By: Chris Powell, Gold Anti-Trust Action Committee Inc.


-- August 20, 2005


Dear Friend of GATA and Gold:

The U.S. Government has the authority to prohibit the private
possession of gold and silver coin and bullion by U.S. citizens
during wartime, and, during wartime and declared emergencies, to
freeze their ownership of shares of mining companies, the Treasury
Department has told the Gold Anti-Trust Action Committee.

But gold and silver advocates shouldn't feel too picked on. For the
U.S. Government claims the authority in declared emergencies to
seize or freeze just about everything else that might be considered
a financial instrument.

The Treasury Department's assertions came in a letter dated August
12 and written by Sean M. Thornton, chief counsel for the
department's Office of Foreign Assets Control, who replied to
questions GATA posed to the department in January. It took GATA six
months and a little prodding to get answers from the Treasury, but
the Treasury's reply, when it came, was remarkably comprehensive and
candid.

The government's authority to interfere with the ownership of gold,
silver, and mining shares arises, Thornton wrote, from the Trading
With the Enemy Act, which became law in 1917 during World War I and
applies during declared wars, and from 1977's International
Emergency Economic Powers Act, which can be applied without declared
wars.

While the Trading With the Enemy Act authorizes the government to
interfere with the ownership of gold and silver particularly, it
also applies to all forms of currency and all securities. So the
Treasury official stressed that it could be applied not just to
shares of gold and silver mining companies but to the shares of all
companies in which there is a foreign ownership interest. Further,
there is no requirement in the law that the targets of the
government's interference must have some connection to the declared
enemies of the United States, or, really, some connection to foreign
ownership. Anything that can be construed as a financial instrument,
no matter how innocently it has been used, is subject to seizure
under the Trading With the Enemy Act and the International Emergency
Economic Powers Act.

Having just gone through a controversy about a Supreme Court
decision about government's power of eminent domain, most Americans
may be surprised to learn that the Trading With the Enemy Act and
the International Emergency Economic Powers Act could expropriate
them instantly and far more broadly without any of the due process
extended to parties in eminent domain cases. All that is needed is a
presidential proclamation of an emergency of some kind -- and of
course Americans lately have been living in a state of perpetual
emergency.

When the Trading With the Enemy Act was passed in 1917, gold and
silver formed part of the official currency of the United States and
were essential to ordinary commerce, so perhaps an argument could be
made then against "hoarding," even if "hoarding" could not be well
defined. That is no longer the case; the United States has
officially disavowed gold and silver as money and they no longer
have a meaningful role in commerce. (GATA is working on that.) So
gold and silver investors may want to ask their members of Congress
to seek repeal of the statutes that give the government the
authority to interfere with the private ownership of gold and
silver, emergencies or not.

And ordinary citizens with no particular interest in gold and silver
may want to ask their members of Congress to reconsider these
statutes simply for being wildly tyrannical.
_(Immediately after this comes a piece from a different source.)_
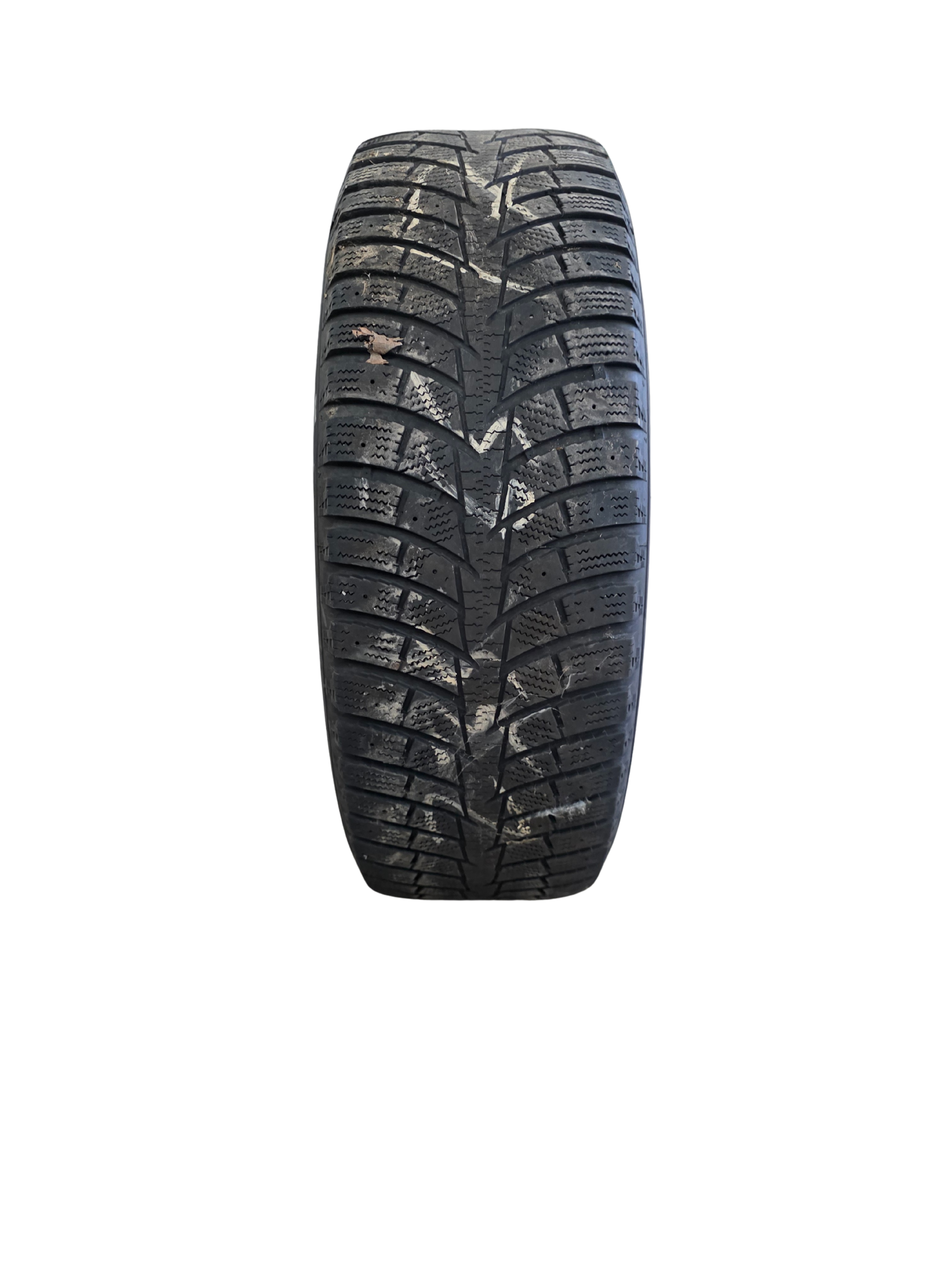 2356517 USED WINTER TIRE-3of 3 matches 4/32nds center 8/32nds outer edge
GATA's correspondence with the Treasury Department is appended.

CHRIS POWELL, Secretary/Treasurer
Gold Anti-Trust Action Committee Inc.

* * *

January 20, 2005

Roberta K. McInerney
Assistant General Counsel / Banking and Finance
Department of the Treasury
Washington, D.C. 20220

Dear Ms. Mclnerney:

Michael Kirk of U.S. Rep. John B. Larson's office has forwarded to
me your letter to him of December 17, which answered my e-mailed
inquiry to him about forcible redemption by the Treasury Department
of gold and silver coins held by private citizens. You replied that
a statute empowering the Treasury Department to do that, 12 U.S.C.
Section 248(n), had been repealed.

But since reading your letter I have learned of a similar statute:
Title 12. Chapter 2, Subchapter IV, Section 95a, which provides in
part:

"During the time of war, the president may, through any agency that
he may designate, and under such rules and regulations as he may
prescribe, by means of instructions, licenses, or otherwise -- (A)
investigate, regulate, or prohibit any transactions in foreign
exchange, transfers of credit or payments between, by, through, or
to any banking institution, and the importing, exporting, hoarding,
melting, or earmarking of gold or silver coin or bullion, currency
or securities. ..."

Section 95a further authorizes the president to "prevent" the "use"
by U.S. citizens of "any property in which a foreign country or a
national thereof has any interest."

These provisions are of the greatest concern to investors in gold
and silver bullion, coins, and shares of gold and silver mining
companies, and to those companies themselves. So the Gold Anti-Trust
Action Committee urgently requests that the Treasury Department
explain how it construes these provisions. Particularly, we'd like
to know:

* How does the Treasury Department construe "the time of war"? How
can gold and silver investors know when the powers described in
Section 95a are in operation or likely to come into operation? Are
formal declarations of war by Congress required here, or lesser
declarations, or none at all, but rather declarations made only by
the president?

* How does the Treasury Department construe "hoarding"? Does it
include the ordinary collection of gold and silver coins, numismatic
or not, and bullion by U.S. citizens, businesses, and corporations,
absent any collaboration with enemies of the United States?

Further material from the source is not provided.